◆ **WHAT THE EXERCISE ASKS**
Retype the data that follows exactly. No pictures belong in the copy.

◆ **EXERCISE DATA**
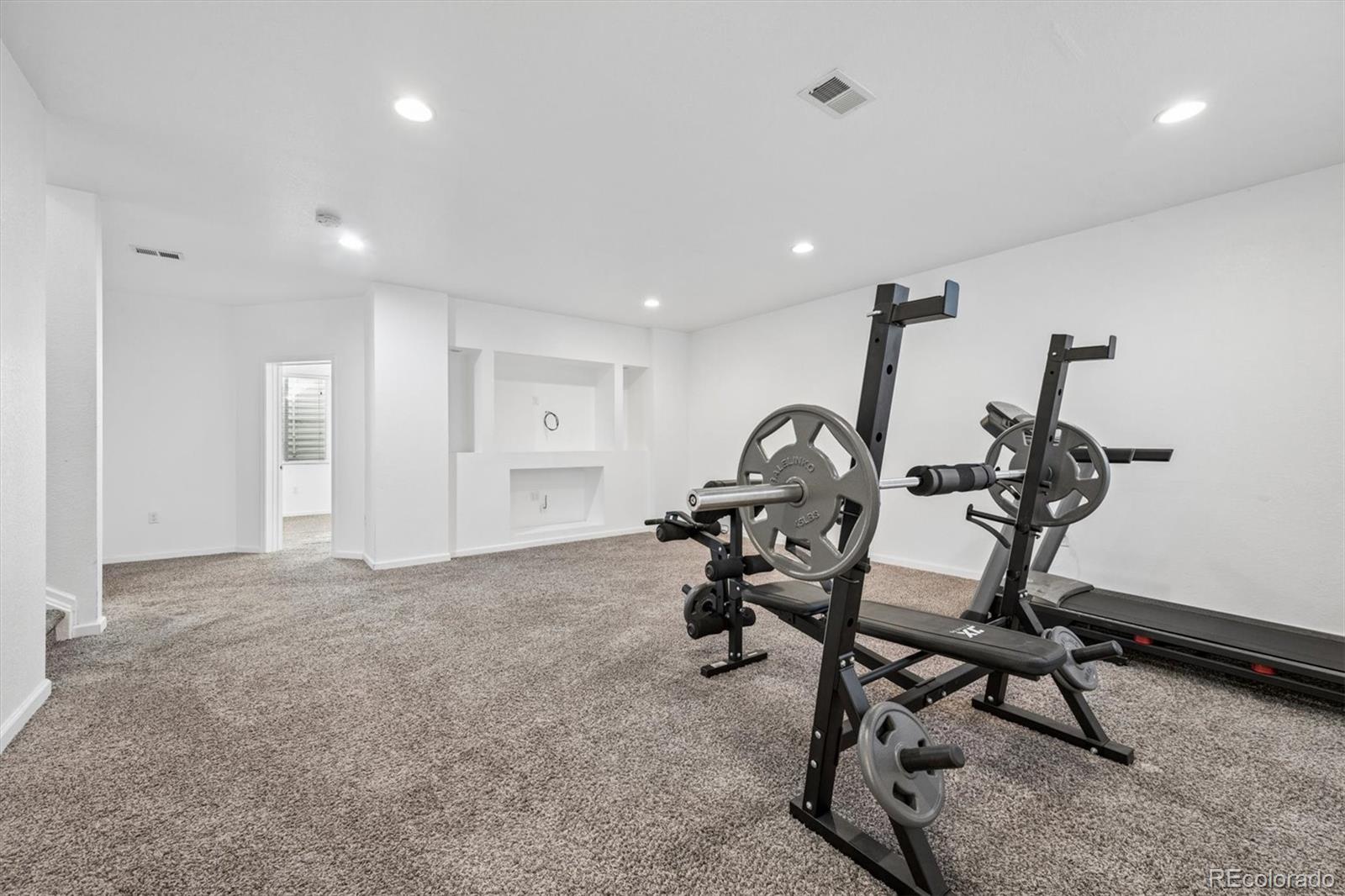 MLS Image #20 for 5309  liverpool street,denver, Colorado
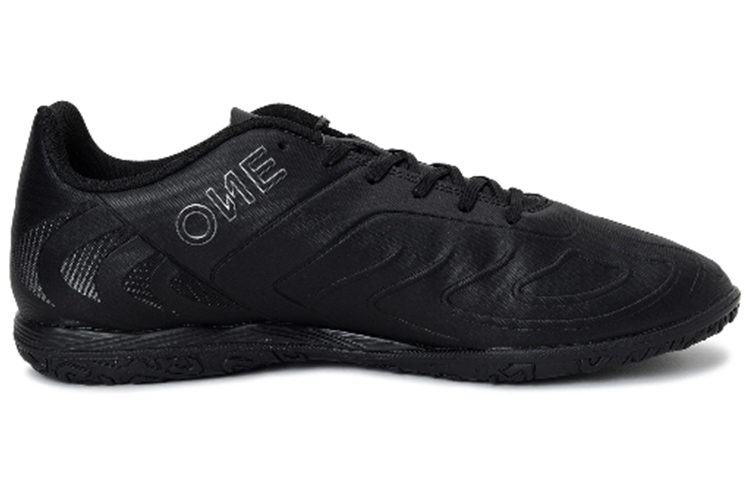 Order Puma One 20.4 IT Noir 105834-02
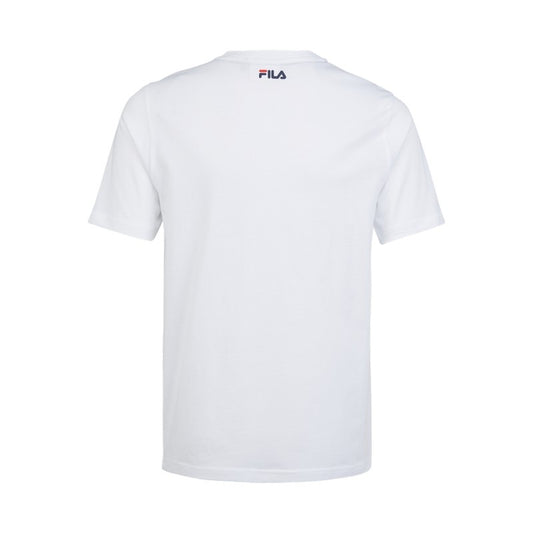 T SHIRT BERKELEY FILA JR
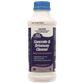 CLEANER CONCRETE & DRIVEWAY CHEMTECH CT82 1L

◆ **ANSWER TO THIS TASK**
 MLS Image #20 for 5309  liverpool street,denver, Colorado
 Order Puma One 20.4 IT Noir 105834-02
 T SHIRT BERKELEY FILA JR
 CLEANER CONCRETE & DRIVEWAY CHEMTECH CT82 1L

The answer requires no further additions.